# Transferring US pension to UK?



## SherriH (Nov 14, 2010)

Hello, folks. I plan on moving to the UK by Dec 2011, and I was wondering how I would go about(or if I can) transferring my state pension. I've been working at the same place for almost 12 years and have a bit built up, and I would rather not cash it out for obvious reasons! Can anyone give me any advice on the right way to go about this?


----------



## Bevdeforges (Nov 16, 2007)

State pension as in "state of New Jersey" or FICA (Social Security)?

US Social Security can be paid out to you in the UK (or most other countries) via direct deposit to your UK bank account. It's handled through the local Consulate and is probably the most efficient way to receive your Social Security.

Other pensions usually are paid out "the old fashioned way" by check or direct deposit (usually to a US account).

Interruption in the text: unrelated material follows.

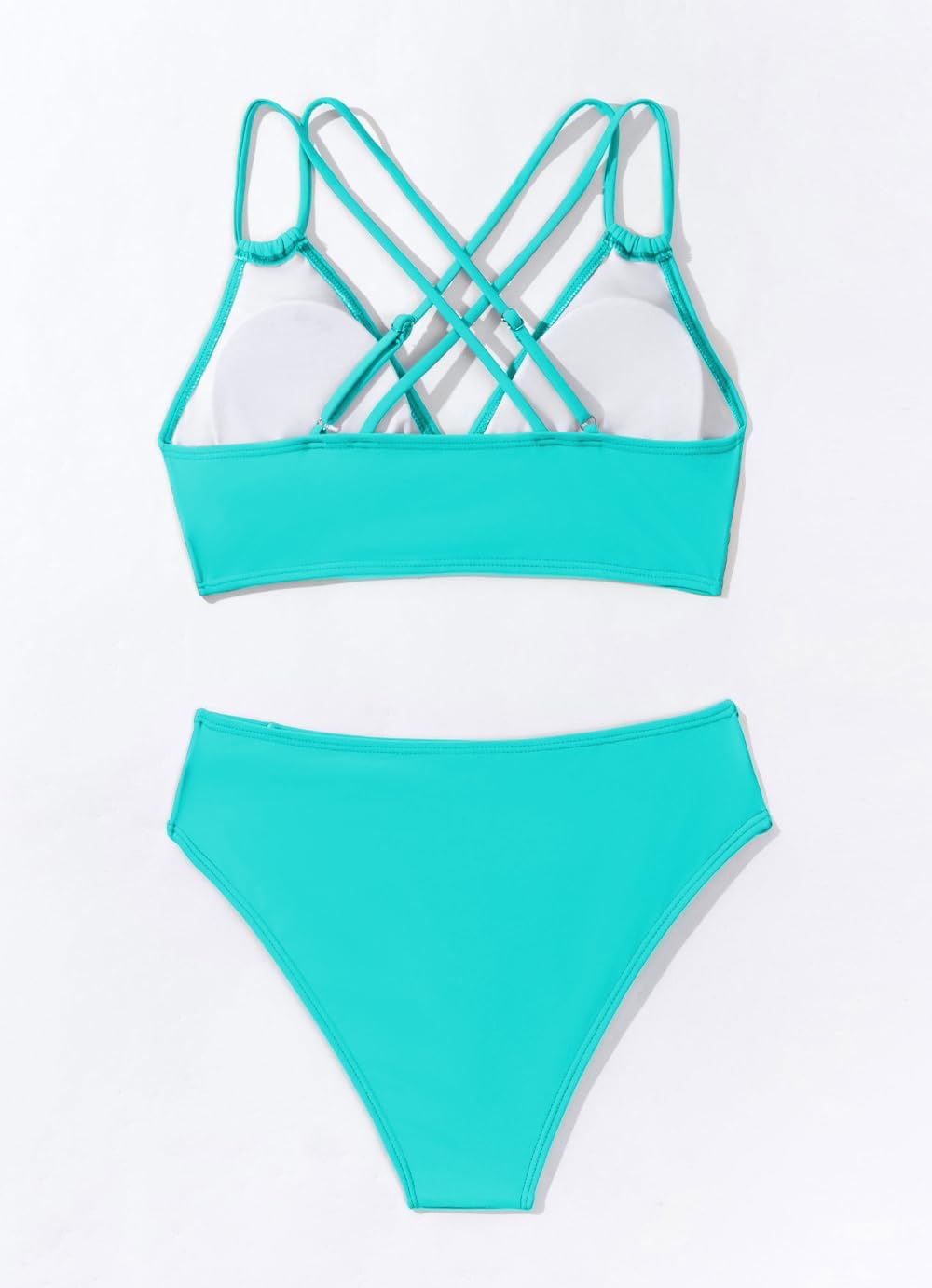 Fanuerg Women's Sexy V Neck Bikini Sets Hollow Out Two Piece Swimsuits Cutout Mid Waist Bathing Suit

If you're talking about transfering your pension fund into another fund, I don't believe you can do that. You may want to consider taking the cash-out and rolling that into an IRA or other self-saving pension vehicle that is tax sheltered. You'll continue having to file US income taxes, no matter how long you stay in the UK, so it's handy to have a tax sheltered retirement account (though you'll pay your taxes on it as you withdraw funds after retirement).
Cheers,
Bev


----------